Methods: Patients aged ≥66 years diagnosed with cT1a RCC from 2004 to 2013 in Surveillance, Epidemiology, and End Results-Medicare were analyzed. Multivariable mixed-effects logistic regression models were used to evaluate factors associated with radical nephrectomy (RN) for cT1a RCC before (2004 to 2009) and after (2010 to 2013) guidelines release. Predictors of pathologic T3 upstaging and high grade pathology in the postguidelines period were examined using multivariable logistic regression among patients who underwent RN or partial nephrectomy.

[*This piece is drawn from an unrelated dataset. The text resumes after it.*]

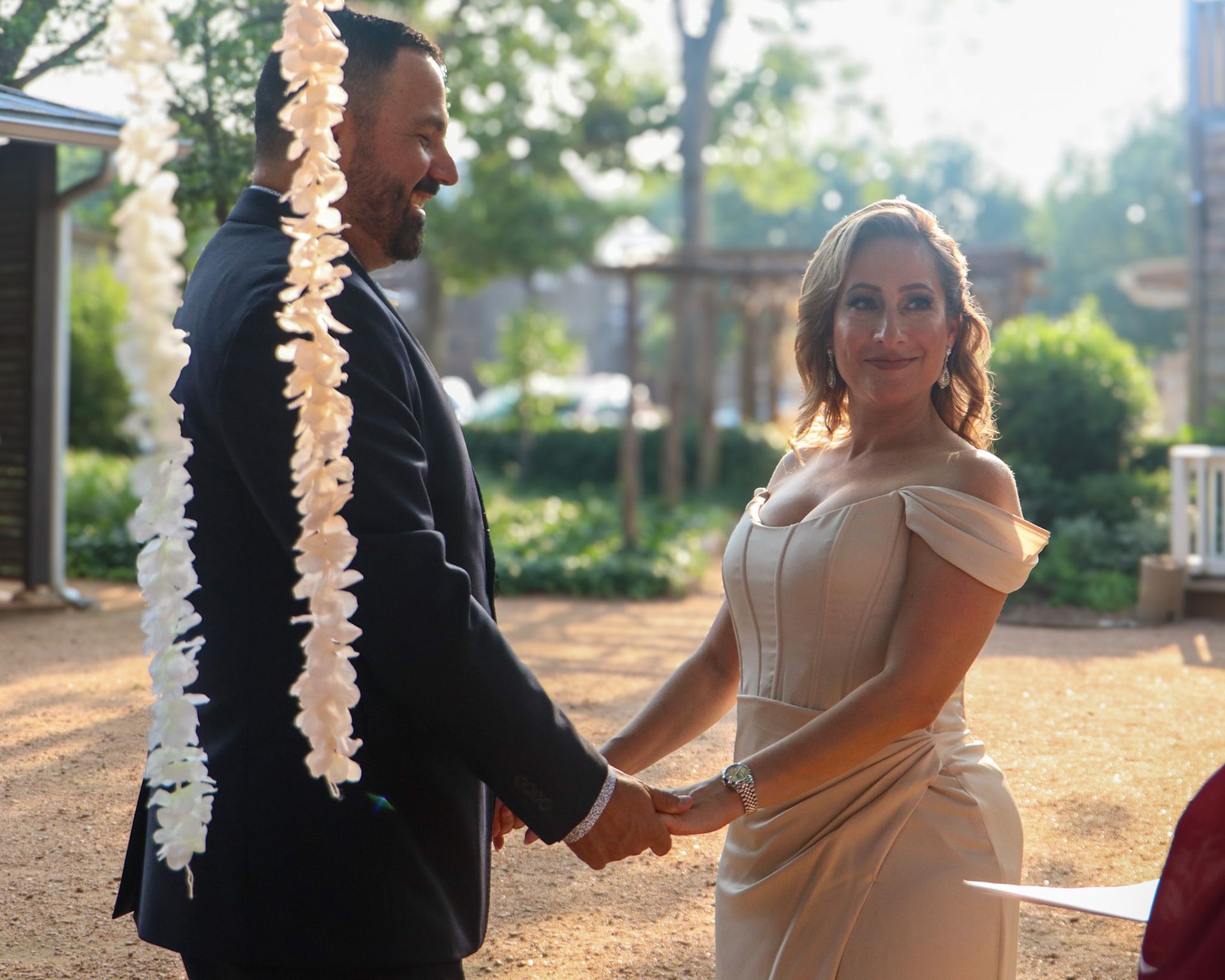 A bride and groom are holding hands during their wedding ceremony.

Results: Twelve thousand four hundred and two patients with cT1a RCC were identified, 42% of whom were women. Overall, the likelihood of RN decreased postguidelines (odds ratio [OR] = 0.44, P <.001), but women were at increased odds of undergoing RN both before and after guideline release (OR = 1.27, P <.001 and OR = 1.37, P <.001, respectively) upon multivariable mixed-effects logistic regression. Tumor size >2 cm was also associated with increased likelihood of RN before and after guidelines (OR = 2.61, P <.001 and OR = 2.51, P <.001, respectively). In the postguidelines period, women had significantly lower odds of pathologic upstaging (OR = 0.75, P = .024) and harboring high grade pathology (OR = 0.71, P <.001) compared to men.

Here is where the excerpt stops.